Machine learning – the application of artificial intelligence (AI) using computers – can be utilized to match a cancer patient with the best immunotherapy.
This process – using mathematical models of data to help a computer learn without direct instruction and continue learning and improving on its own based on experience – can now help oncologists decide what specific treatment should be used.
Cancer specialists are not the only ones who want to know this, but also health maintenance organizations and private health insurance companies. This is because immunotherapy or biotherapy – which helps the immune system fight cancer using white blood cells, organs and tissues of the lymph system – is very expensive.
Now, a new study by Prof. Keren Yizhak of the Rappaport Faculty of Medicine at Haifa’s Technion-Israel Institute of Technology uses AI to create a simple and inexpensive method of answering this question for each individual patient.
Her findings were recently published under the title “Estimating tumor mutational burden from RNA-sequencing without a matched-normal sample” in the prestigious journal Nature Communications and selected to be featured in the “Editor’s Highlights” webpage on cancer.
The study was led by Dr. Rotem Katzir and bachelor of science student Noam Rudberg, both from the Taub Faculty of Computer Science.
Background to the study
Immunotherapy is a recent development in the world of cancer treatments and has put patients who could not be helped by other means into full remission. It also reduces many of the side effects of chemotherapy.

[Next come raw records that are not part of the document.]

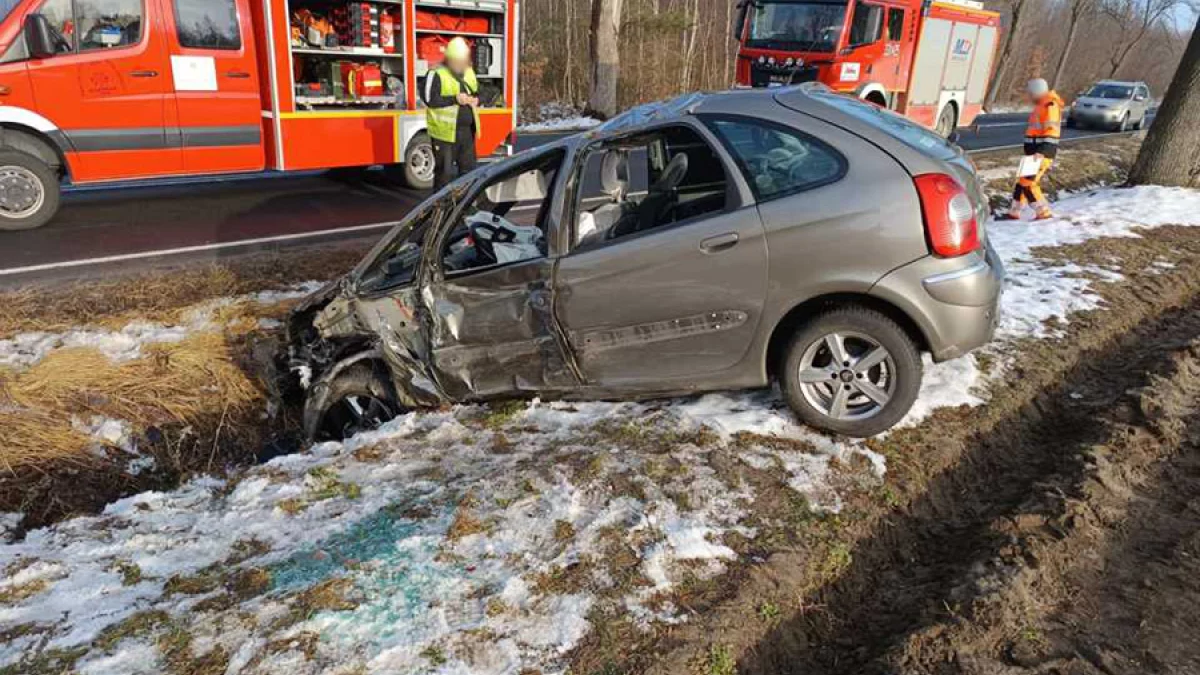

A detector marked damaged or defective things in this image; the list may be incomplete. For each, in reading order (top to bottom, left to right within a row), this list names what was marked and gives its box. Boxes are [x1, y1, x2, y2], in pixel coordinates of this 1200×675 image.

front wheel detached [0, 148, 60, 229]
damaged silver car [288, 84, 1003, 439]
front wheel detached [782, 306, 921, 437]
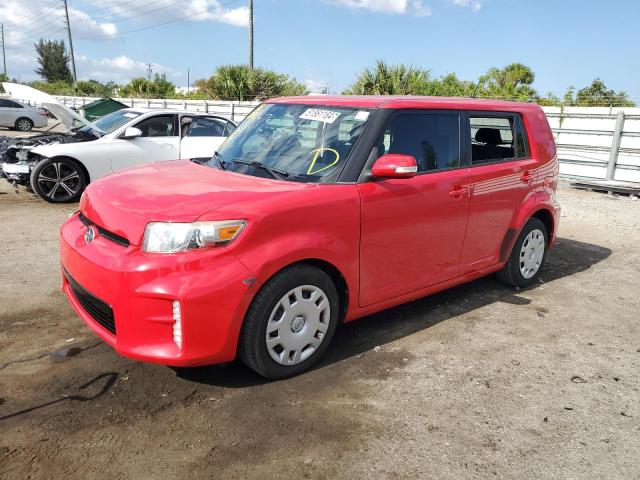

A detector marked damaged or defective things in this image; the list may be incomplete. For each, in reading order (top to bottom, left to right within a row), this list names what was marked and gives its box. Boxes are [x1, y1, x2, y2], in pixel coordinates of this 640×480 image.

damaged white car [0, 82, 235, 202]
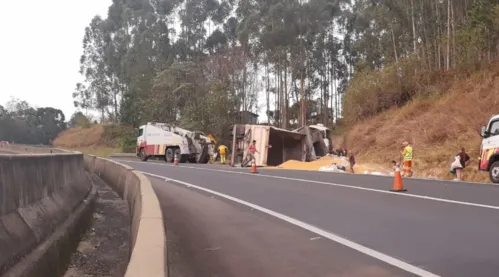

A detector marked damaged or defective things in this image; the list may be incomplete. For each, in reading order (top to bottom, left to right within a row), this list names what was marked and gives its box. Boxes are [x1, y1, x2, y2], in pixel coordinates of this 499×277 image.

overturned truck [228, 124, 330, 166]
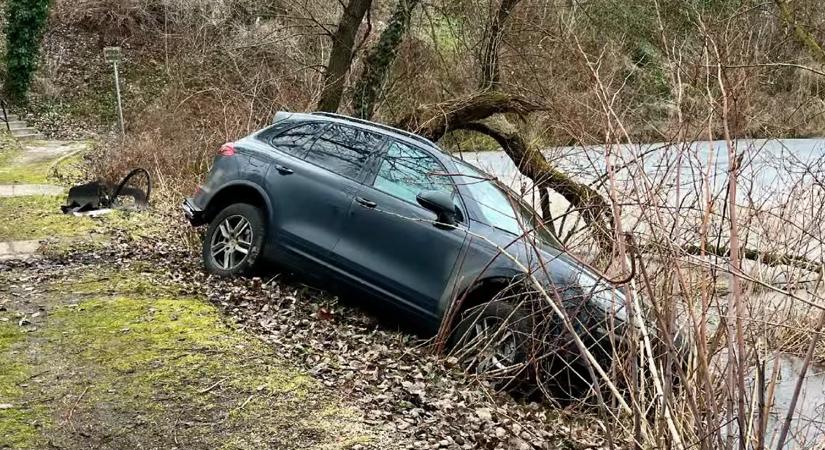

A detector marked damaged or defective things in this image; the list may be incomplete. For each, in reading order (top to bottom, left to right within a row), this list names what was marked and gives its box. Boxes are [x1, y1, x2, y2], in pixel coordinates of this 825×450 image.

damaged bumper [183, 198, 206, 225]
crashed suv [185, 112, 624, 394]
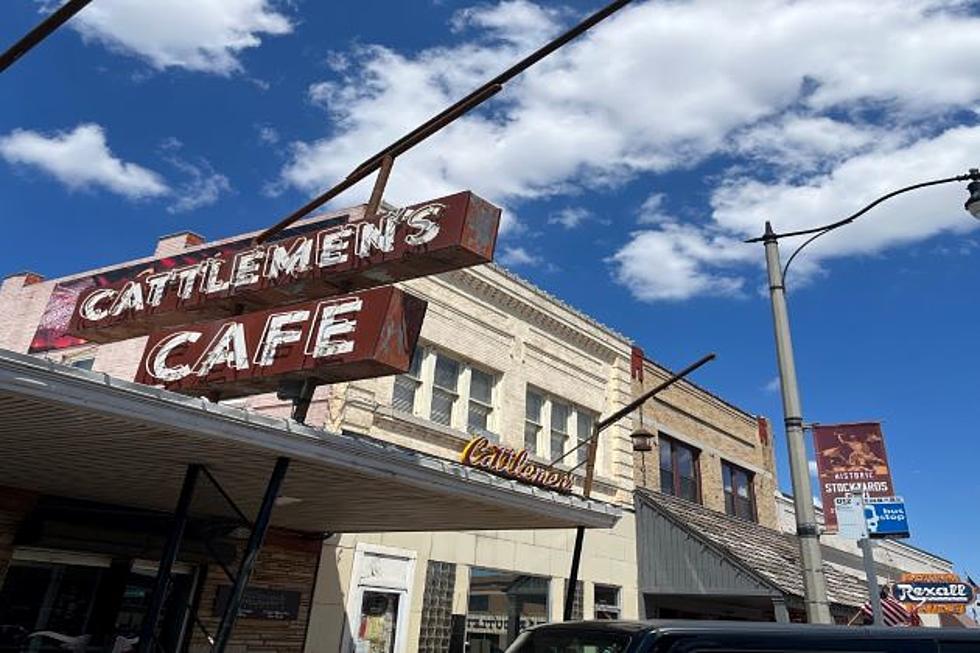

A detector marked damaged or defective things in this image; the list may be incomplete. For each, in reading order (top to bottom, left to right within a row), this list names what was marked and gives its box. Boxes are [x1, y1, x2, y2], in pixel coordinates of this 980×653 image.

rusty metal sign [136, 286, 426, 400]
rusty metal sign [68, 191, 498, 344]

There are numerous immunotherapeutic treatments, but they differ from the new study since the principle under which they all operate is stimulating the patient’s immune system to attack the tumor cells.
How does the immune system distinguish between the cancer cells it should attack and the healthy cells of the body? The more mutations the tumor has accumulated, the more it differs from the “normal” cells, and thus immunotherapy can be more effective. This characteristic is called tumor mutation burden. A higher TMB means more new mutations. Yitzhak’s method significantly simplifies measuring it.
TMB is currently measured by taking cells from the tumor and comparing their DNA to that of the patient’s healthy cells. Yizhak and her team suggest making two changes in this process.
The first change, already explored in a previously published article by the group, is comparing RNA molecules rather than DNA ones. This makes a difference because DNA molecules contain the entirety of the human genome while RNA ones are small parts of the genetic code that are copied out to be used as instructions within the cell. In their previous study, the group showed that RNA molecules can also be used to identify cancer-specific mutations.
What does it all mean?
Their discovery is significant because it eliminates the need to compare the RNA from the tumor to DNA from healthy cells.
As a result, a smaller amount of genetic material needs to be sequenced, allowing the patient to be subjected to one less procedure. Instead of comparing the genetic material from the tumor to the patient’s own healthy genetic material, they developed a machine-learning algorithm that was trained to recognize aberrations from the healthy genome and to tell them apart from the natural variation that exists between people.
Second, using these predictions, they were able to compute an RNA-based TMB metric. In fact, this method proved to be more effective than the standard method in estimating the predicted effectiveness of immunotherapy for a given patient. This is thought to be the case because the RNA contains the parts of the genome that are in constant use and can therefore initiate an immune response. Mutations in parts of the genome that are not in use are less likely to affect the cell’s operation.
The development of the algorithm was made possible by using a large existing database on which the computer could be trained regarding sequenced RNA from cancer patients. Yizhak’s laboratory is actually a computational “dry” lab – rather than one with test tubes and other paraphernalia to experiment with real substances – that makes use of the large amounts of clinical data collected by the scientific community around the world to make new discoveries and develop new tools to assist patients.